BEGIN Data
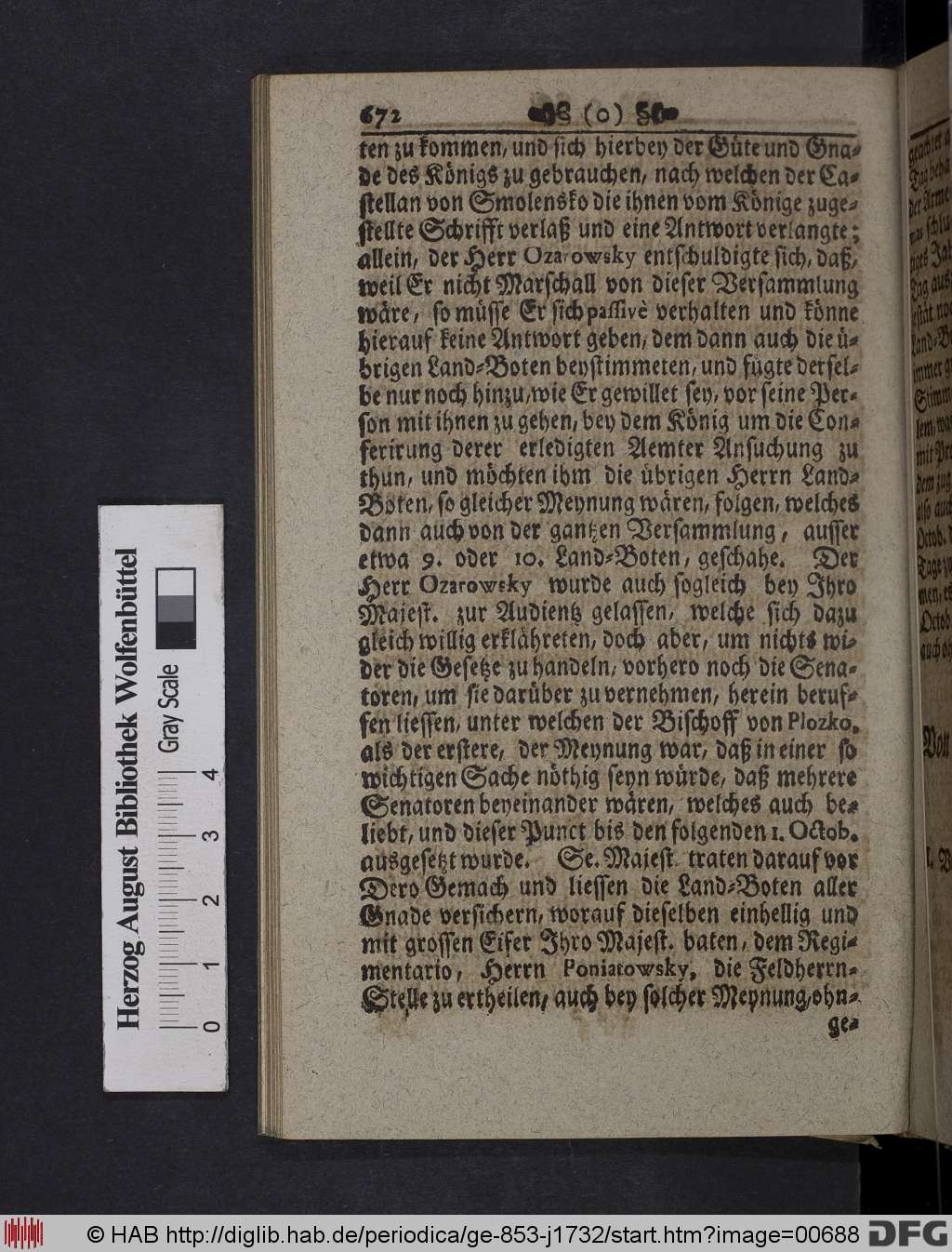 http://diglib.hab.de/periodica/ge-853-j1732/00688.jpg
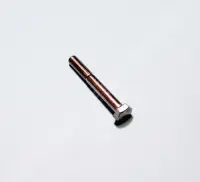 Vis Thpf M8x60 A4 Inox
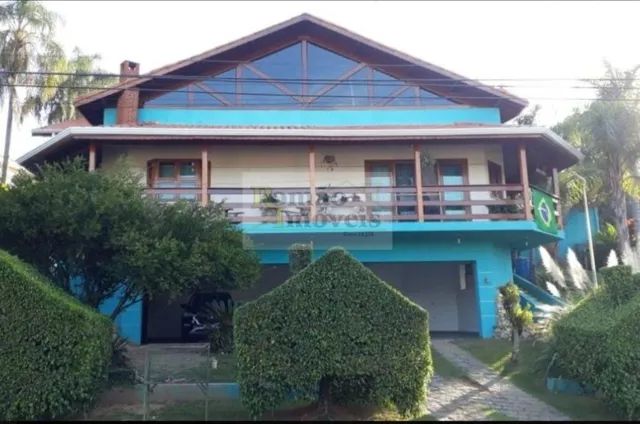Captação de Casa a venda na Avenida Tiradentes - de 1374/1375 a 2870/2871, Macedo, Guarulhos, SP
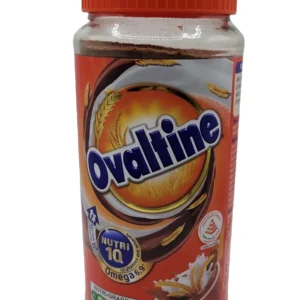 Ovaltine, 400g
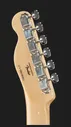 Squier Classic Vibe Tele Thinline NAT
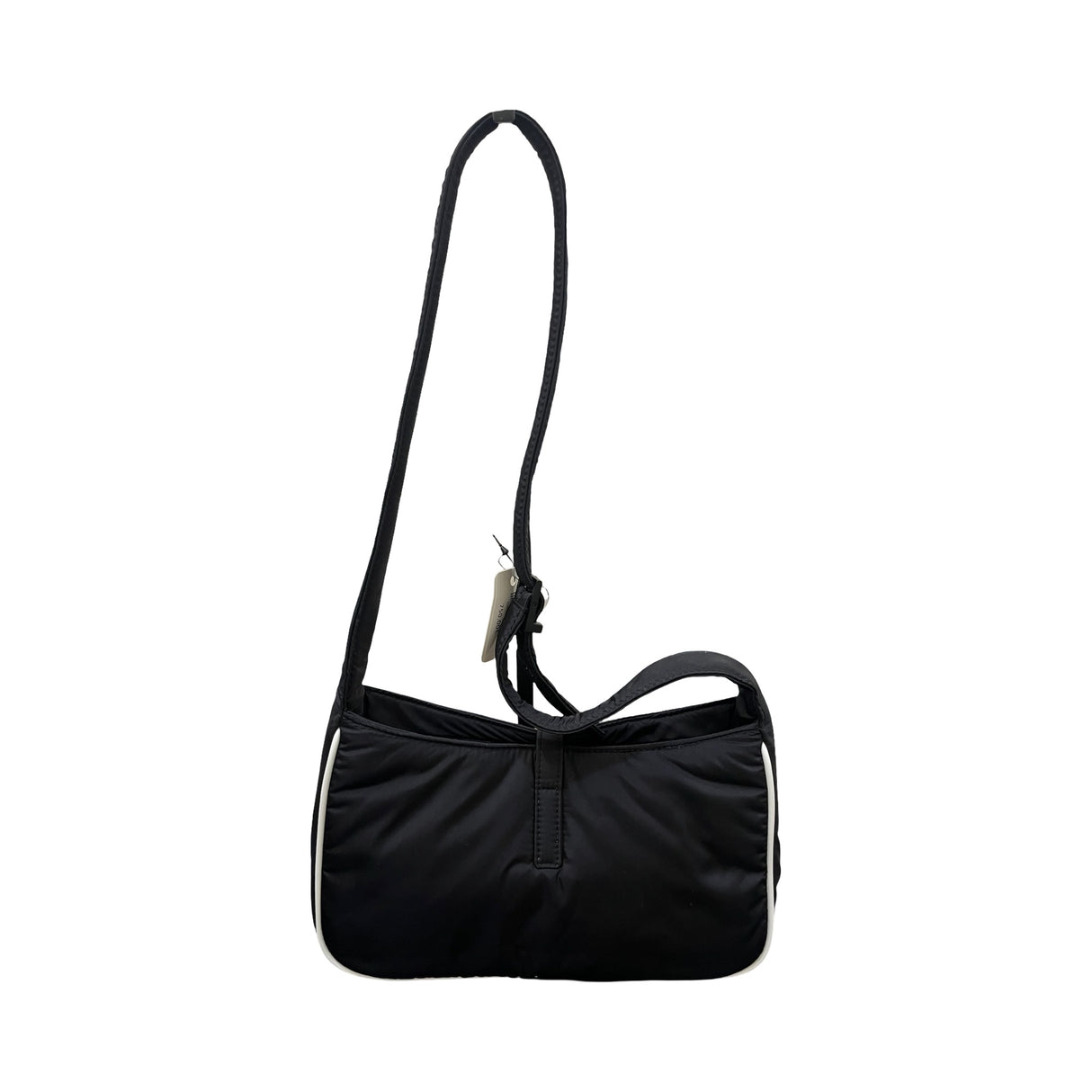 Louis Vuitton Speedy 30 Damier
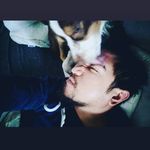 adrian bautista - @adibautista - Instagram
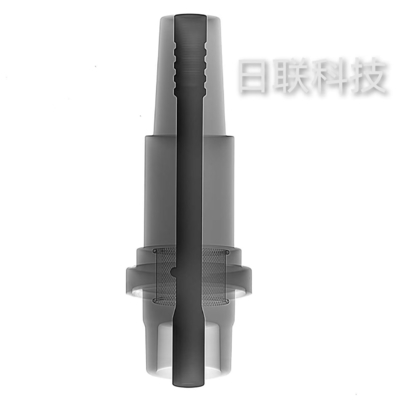 Máy X quang NDT độ phân giải cao 160kV Unicomp UNC160 Để kiểm soát chất lượng đúc nhôm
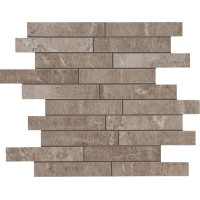Marazzi MH4E BLEND BEIGE MOS.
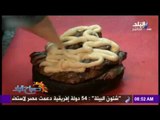 صباح البلد - اغلى 11 برجر في العالم.. الذهب يقدم في سندوتش البرجر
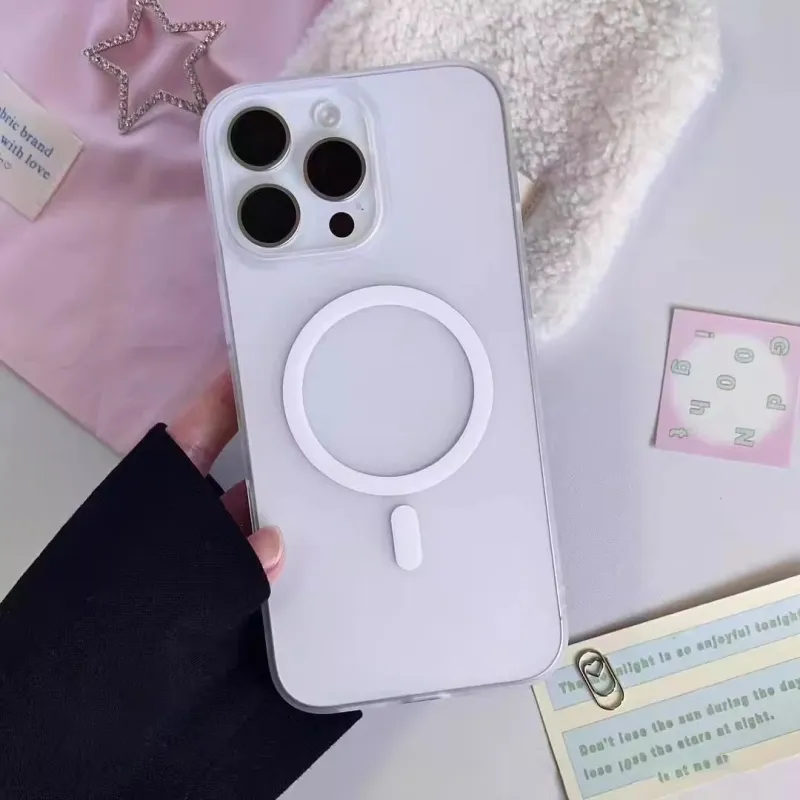NKino Phone Cases-5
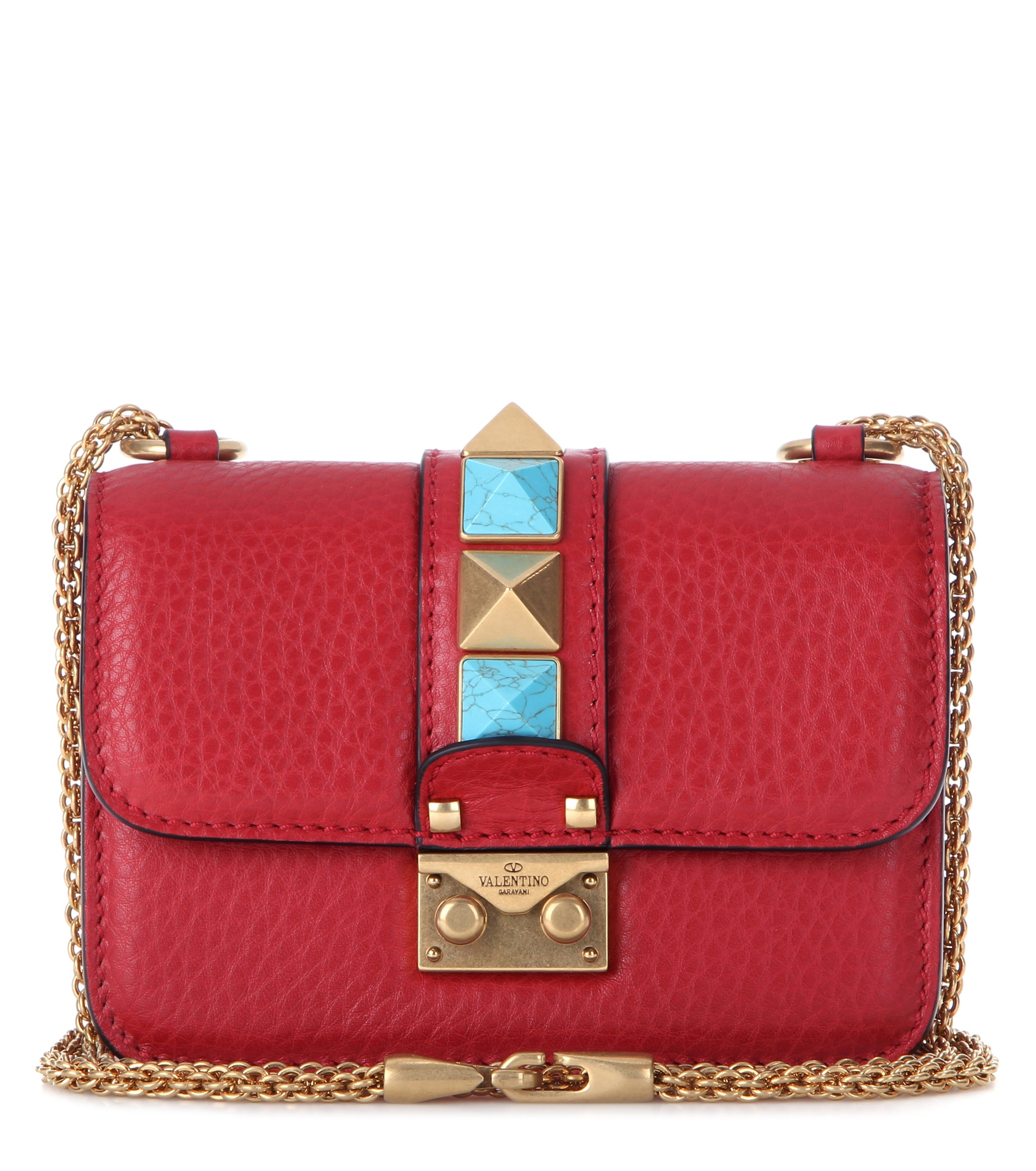 red valentino mini bag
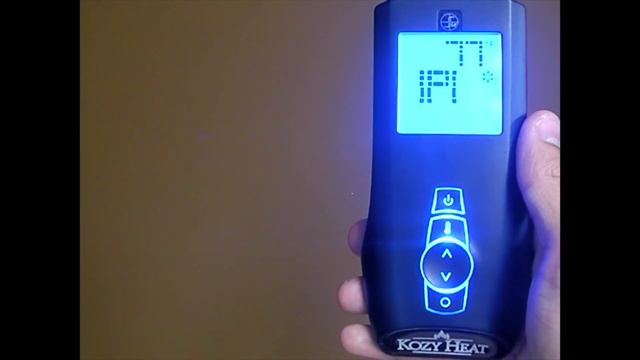 Proflame 2 remote смотреть онлайн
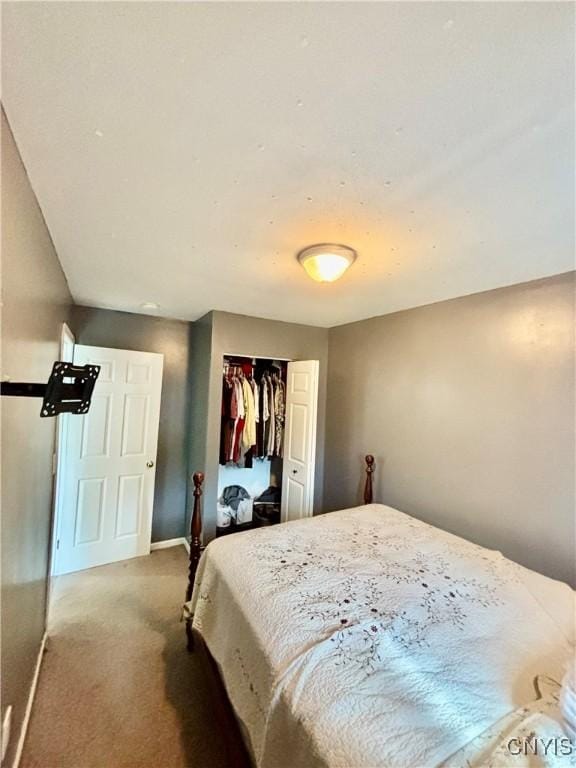 8479 Switch Ln, Cicero, NY 13039 - photo 11
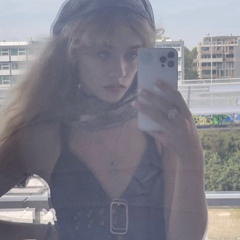 Akasha
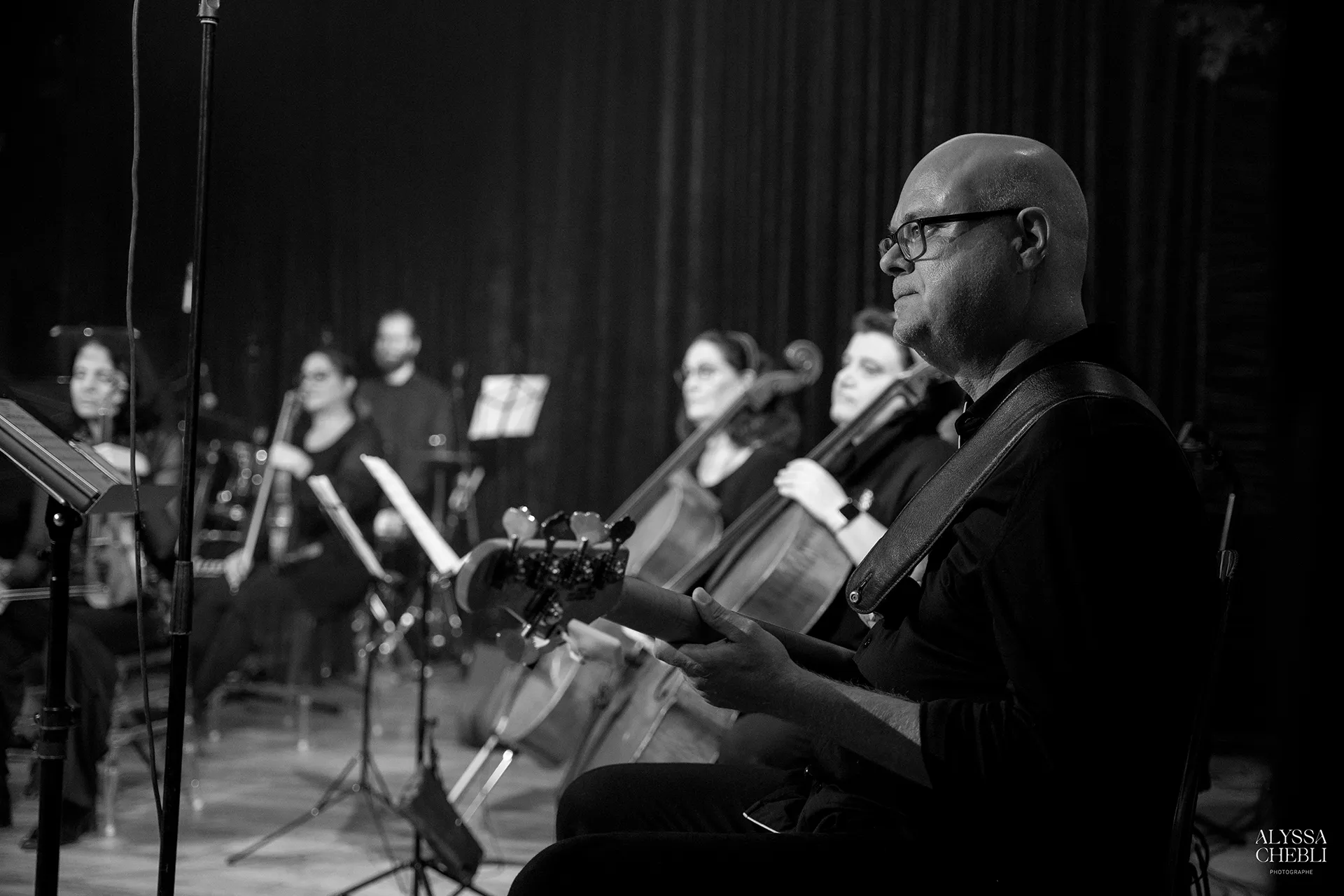 DFSGala10-108 copy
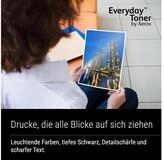 Xerox Tonerkartusche Xerox 006R04320 Xerox Toner Everyday Brother TN247Y Yellow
END Data
Task description: The lines from the one containing "Proflame 2 remote смотреть онлайн" through the last line of the entries are to be copied exactly, both ends included, and the pictures are to be omitted.

Response to the exercise:
 Proflame 2 remote смотреть онлайн
 8479 Switch Ln, Cicero, NY 13039 - photo 11
 Akasha
 DFSGala10-108 copy
 Xerox Tonerkartusche Xerox 006R04320 Xerox Toner Everyday Brother TN247Y Yellow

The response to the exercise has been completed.